(Stored data entries)
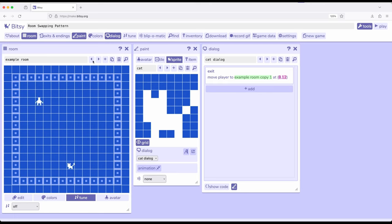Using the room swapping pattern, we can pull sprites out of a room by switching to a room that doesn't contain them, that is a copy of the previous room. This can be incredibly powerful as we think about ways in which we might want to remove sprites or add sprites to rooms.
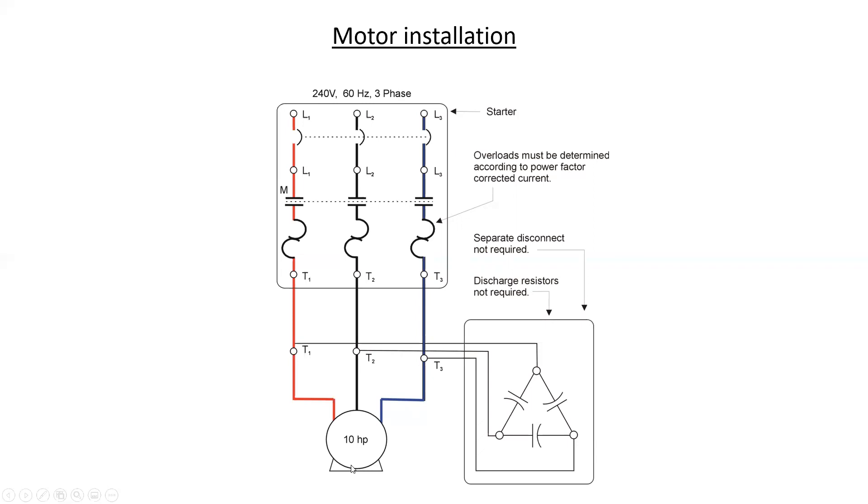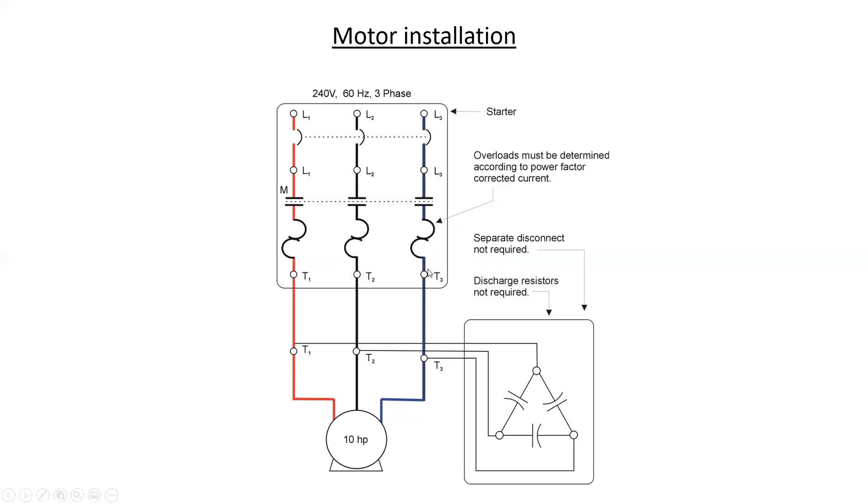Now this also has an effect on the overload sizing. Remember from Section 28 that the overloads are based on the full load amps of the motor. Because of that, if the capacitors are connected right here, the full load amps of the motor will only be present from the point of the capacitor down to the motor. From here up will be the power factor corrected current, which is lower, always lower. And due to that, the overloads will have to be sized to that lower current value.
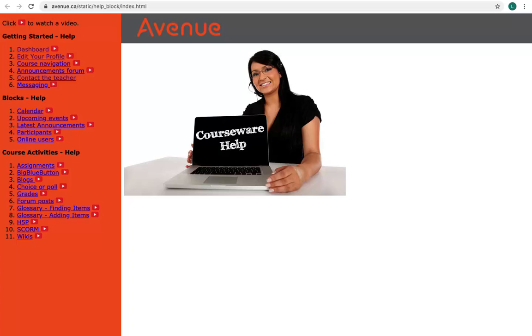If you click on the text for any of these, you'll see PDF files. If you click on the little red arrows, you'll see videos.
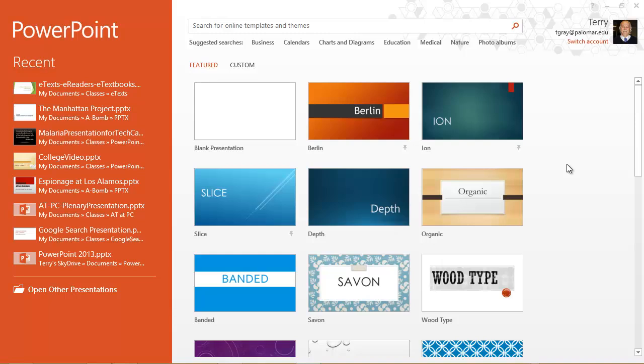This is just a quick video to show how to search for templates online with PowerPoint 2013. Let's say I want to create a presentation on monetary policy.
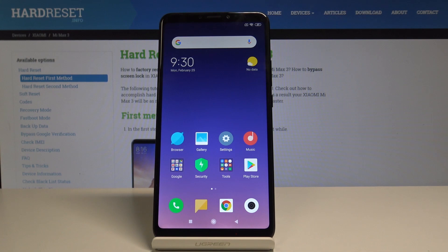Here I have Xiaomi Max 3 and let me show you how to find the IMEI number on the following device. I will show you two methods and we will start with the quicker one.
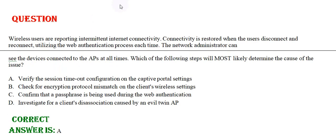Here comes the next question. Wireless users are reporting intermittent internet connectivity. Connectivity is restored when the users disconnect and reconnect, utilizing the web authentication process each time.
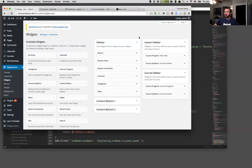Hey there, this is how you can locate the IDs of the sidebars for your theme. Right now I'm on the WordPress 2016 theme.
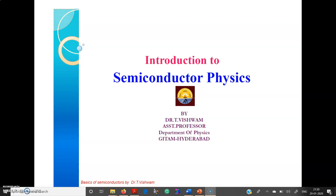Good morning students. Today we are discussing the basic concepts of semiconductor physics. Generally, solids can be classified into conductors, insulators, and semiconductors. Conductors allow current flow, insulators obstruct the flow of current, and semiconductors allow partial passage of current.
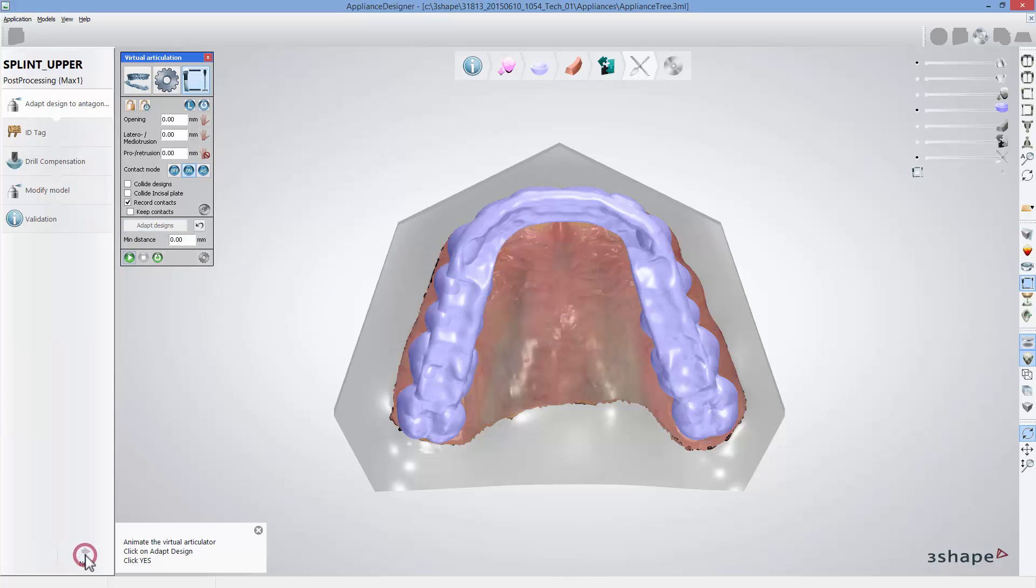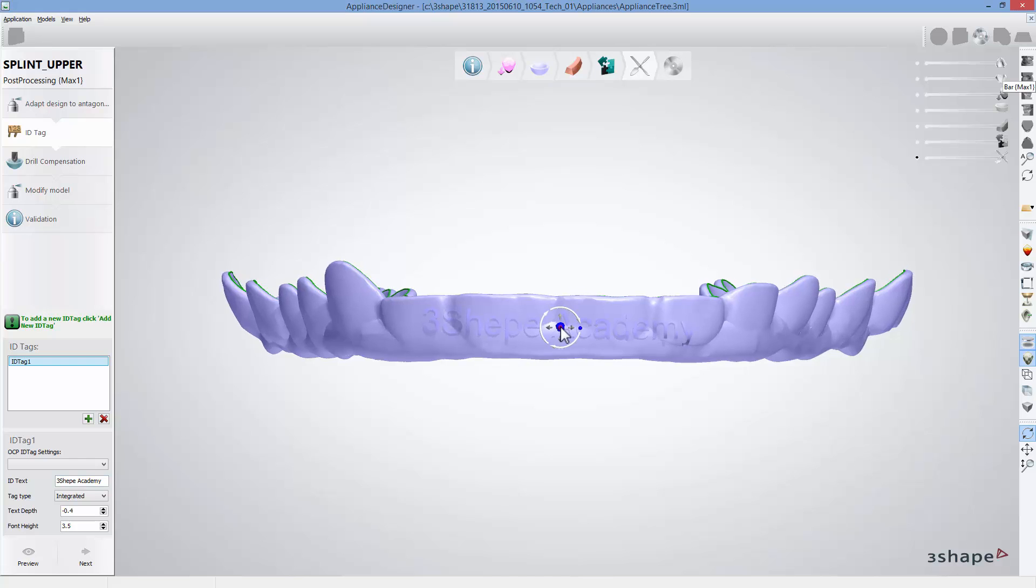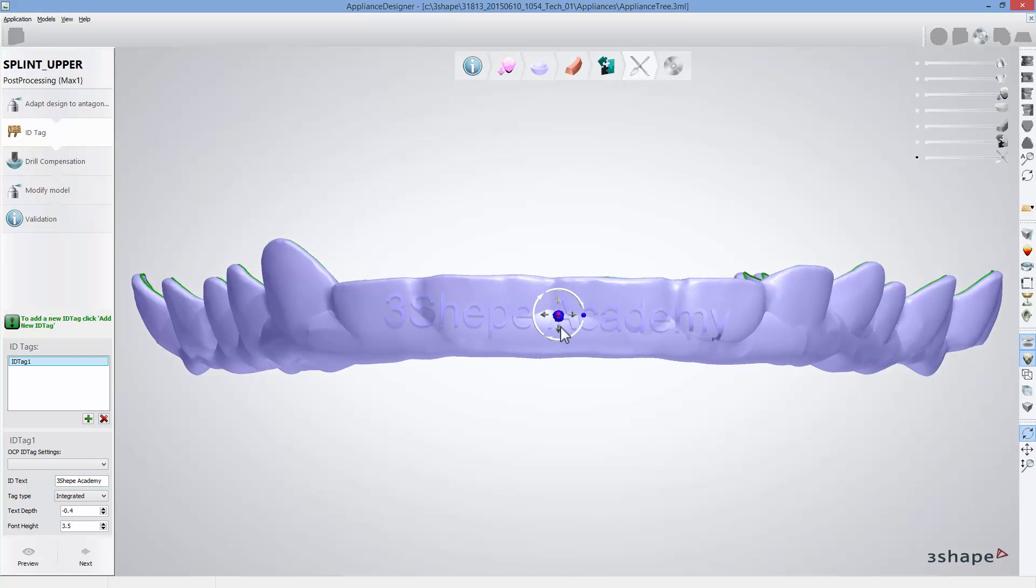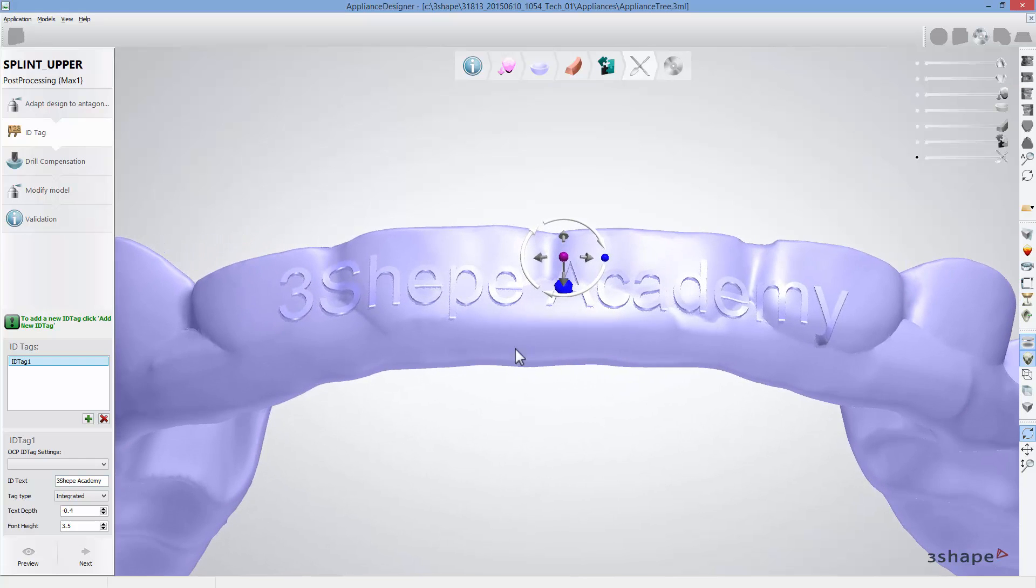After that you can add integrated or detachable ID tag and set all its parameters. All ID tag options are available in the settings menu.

▶ _WHAT THIS TASK INVOLVES_:
Copy the lines above exactly and exclude every image.

▶ _RESULT FOR THIS EXERCISE_:
Using the room swapping pattern, we can pull sprites out of a room by switching to a room that doesn't contain them, that is a copy of the previous room. This can be incredibly powerful as we think about ways in which we might want to remove sprites or add sprites to rooms.
Now this also has an effect on the overload sizing. Remember from Section 28 that the overloads are based on the full load amps of the motor. Because of that, if the capacitors are connected right here, the full load amps of the motor will only be present from the point of the capacitor down to the motor. From here up will be the power factor corrected current, which is lower, always lower. And due to that, the overloads will have to be sized to that lower current value.
If you click on the text for any of these, you'll see PDF files. If you click on the little red arrows, you'll see videos.
This is just a quick video to show how to search for templates online with PowerPoint 2013. Let's say I want to create a presentation on monetary policy.
Here I have Xiaomi Max 3 and let me show you how to find the IMEI number on the following device. I will show you two methods and we will start with the quicker one.
Here comes the next question. Wireless users are reporting intermittent internet connectivity. Connectivity is restored when the users disconnect and reconnect, utilizing the web authentication process each time.
Hey there, this is how you can locate the IDs of the sidebars for your theme. Right now I'm on the WordPress 2016 theme.
Good morning students. Today we are discussing the basic concepts of semiconductor physics. Generally, solids can be classified into conductors, insulators, and semiconductors. Conductors allow current flow, insulators obstruct the flow of current, and semiconductors allow partial passage of current.
After that you can add integrated or detachable ID tag and set all its parameters. All ID tag options are available in the settings menu.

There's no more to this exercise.